Cienaga (La)
Argentine
Réal. : Lucrecia Martel
Avec : Gracelia Borges, Mercedes Moran, Martin Adjeman.

c'est baignable?

 

Ca commence très fort, peut être trop fort. Une piscine sale. Une chaleur étouffante. Des membres gras et suants, engoncés dans des maillots de bain aux couleurs passées, encombrent l'avant-plan. Leurs propriétaires se servent en tremblant des verres de mauvais vin ou flottent quelques glaçons, font racler leurs chaises longues sur le carrelage, titubent, puis tombent, emportés par leur maladresse ethylique. Le décor est planté : la ciénaga (marécage), c'est à la fois la ville à proximité de laquelle évolue les différents membres de deux familles, c'est aussi la détresse morale qui engloutit peu à peu ces personnages, c'est aussi une métaphore de l'Argentine juste avant la crise. Si la première scène peut faire craindre un maniérisme et une mise en scène trop voyante, le reste du film passionne, car saisissant à la perfection, de façon à la fois (sur)réaliste et poétique l'existence d'une foule de personnages de plusieurs générations, et leurs relations chaotiques. Une constante impression de menace semble peser sur tout ce petit monde en décrépitude, qui s'enfonce peu à peu dans une résignation triste, dans une boue morale que ni la religion, ni l'innocence de la jeunesse ne parviendront à repousser.

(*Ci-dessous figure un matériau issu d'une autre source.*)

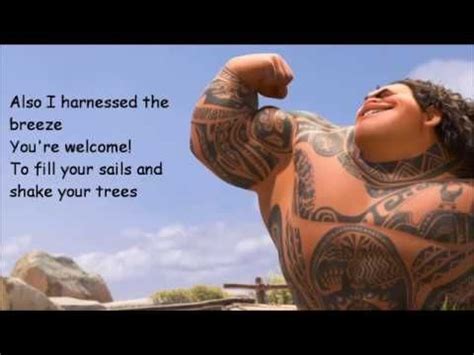 Moana You're Welcome (Lyric Video) - YouTube | Moana youre welcome ...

Il y a des accents bunueliens dans ce superbe mais désespéré film de la jeune réalisatrice Lucrecia Martel, qui a reçu le prix du meilleur scénario à Sundance, ainsi que le prix de la première oeuvre au festival de Berlin en 2001. Avec Pablo Trapero et son Mundo Grua, elle prouve que le cinéma argentin regorge de talents, malgré les difficultés économiques.